You want to run a marathon, but too lazy to form? Maybe you can take a pill one day. Scientists have found compounds that, when taken orally, significantly increase endurance in mice, including one that works without any exercise.
The traditional way to build endurance is aerobic exercise, which increases the ability of skeletal muscle to burn fat effectively. A key protein in this process is PPAR & # 948. When activated, it triggers a key network of genes that burn fat and endurance hoist. Last year, a research team led by Ronald Evans of the Salk Institute for Biological Studies in San Diego, California, genetically mice with increased PPAR & # 948 engineering activity; they discovered that these "marathon mice" had almost twice the endurance race normal mice.

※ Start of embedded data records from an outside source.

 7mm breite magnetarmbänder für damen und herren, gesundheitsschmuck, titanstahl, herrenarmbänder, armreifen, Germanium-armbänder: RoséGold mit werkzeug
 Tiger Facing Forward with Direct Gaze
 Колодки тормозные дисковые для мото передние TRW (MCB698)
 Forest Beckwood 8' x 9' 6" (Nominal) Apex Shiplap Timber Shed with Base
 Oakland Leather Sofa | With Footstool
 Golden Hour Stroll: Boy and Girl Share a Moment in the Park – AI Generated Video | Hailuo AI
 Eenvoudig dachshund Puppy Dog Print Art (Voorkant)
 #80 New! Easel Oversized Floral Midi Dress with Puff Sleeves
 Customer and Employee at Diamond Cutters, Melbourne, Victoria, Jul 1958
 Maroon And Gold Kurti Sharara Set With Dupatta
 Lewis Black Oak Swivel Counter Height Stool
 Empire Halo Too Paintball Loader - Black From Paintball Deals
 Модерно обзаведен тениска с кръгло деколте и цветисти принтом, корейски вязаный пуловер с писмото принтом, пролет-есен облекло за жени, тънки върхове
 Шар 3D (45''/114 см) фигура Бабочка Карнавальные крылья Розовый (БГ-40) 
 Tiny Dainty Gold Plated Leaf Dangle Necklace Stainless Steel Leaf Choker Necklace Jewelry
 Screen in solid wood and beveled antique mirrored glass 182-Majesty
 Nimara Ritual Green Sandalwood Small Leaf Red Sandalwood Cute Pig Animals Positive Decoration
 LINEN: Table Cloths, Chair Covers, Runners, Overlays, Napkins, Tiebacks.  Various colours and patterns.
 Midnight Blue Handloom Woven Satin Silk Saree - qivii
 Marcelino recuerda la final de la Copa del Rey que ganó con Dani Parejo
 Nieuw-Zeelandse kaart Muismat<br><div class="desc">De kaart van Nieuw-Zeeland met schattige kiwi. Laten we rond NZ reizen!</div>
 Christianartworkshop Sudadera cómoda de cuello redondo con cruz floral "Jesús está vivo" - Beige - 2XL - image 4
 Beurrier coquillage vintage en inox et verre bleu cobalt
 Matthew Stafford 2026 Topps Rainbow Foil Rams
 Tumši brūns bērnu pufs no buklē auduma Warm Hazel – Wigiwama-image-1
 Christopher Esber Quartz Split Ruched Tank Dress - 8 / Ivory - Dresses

Although trained athletes could consider gene therapy, casual jocks would probably prefer a pill. Yet when Evans and his colleagues recently gave a PPAR & # 948 drugs to stimulate normal adult mice, the rodents developed no greater endurance than their counterparts undoped - until researchers had the animals combine drugs with a workout routine. Then endurance drugged shot through the roof mice: They ran 70% further than the trained mice given a placebo, and their running times were similarly increased, the group reports online today Evans in cell
given that the exercise was necessary. to start the PPAR & # 948 drugs in high gear, the research team wondered what would happen if they tricked the body into thinking that it was exercised. They gave mice a drug - AICAR, which has been used in clinical trials for various diseases - that upped AMP-activated protein kinase (AMPK), an enzyme that becomes active during a workout. These mice "couch potato" got an instant boost of endurance up to 44% - without any form of exercise training. "We did not expect, you can create exercise in a pill," Evans said. But after four weeks on the drug, the mice behaved as if they had exercised every day.
Either exercise or one of its direct products, AMPK activates a pathway that stimulates endurance promoting genes in muscles, Evans concludes. And now that the path can be manipulated - or exploited. "It's a little scary," says Mark Tarnopolsky, Director of the Clinic for neuromuscular and neurometabolic disorders at the Medical Center of McMaster University in Ontario, Canada. "Unfortunately, many athletes will think they can use drugs to improve performance." But he adds that for people of "sedentary diseases" such as obesity or diabetes, medication is an exciting development.
Until now, no drug has been tested to increase endurance in people. But even if they did work in humans, they would only strengthen your ability run faster or farther - not your desire to do so, said Sebastian Jorgenson, an exercise physiologist at the University of Copenhagen in Denmark "Even if you have such a capacity if it is not used. what does it matter? "he said. Jorgenson and notes that drugs are not really necessary. "The remedy is there for millions of years," he said. "He called a balanced diet and exercise."